◆ Recorded information
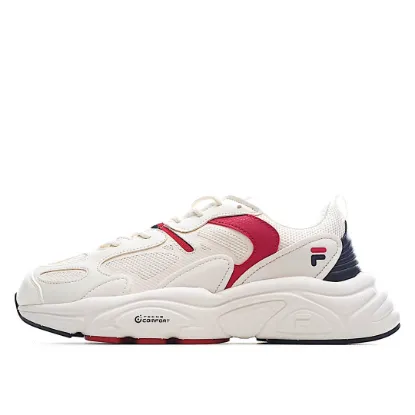 Picture of FILA Mars retro running shoes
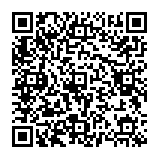 林森國小精品雙車庫別墅-QR CODE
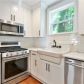 1552 Belmont Ave SW, Atlanta, GA 30310 ID:15890814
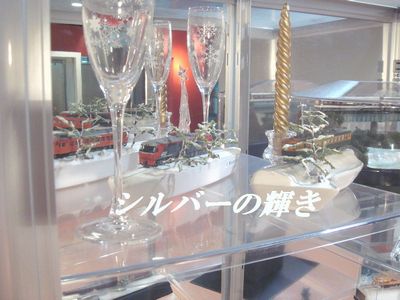 フィギュア・鉄道模型・ミニカーなど大容量展示ショーケース ジェイ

◆ Aim of the task
Return the full set of lines above word for word and with no pictures.

◆ Exercise output
 Picture of FILA Mars retro running shoes
 林森國小精品雙車庫別墅-QR CODE
 1552 Belmont Ave SW, Atlanta, GA 30310 ID:15890814
 フィギュア・鉄道模型・ミニカーなど大容量展示ショーケース ジェイ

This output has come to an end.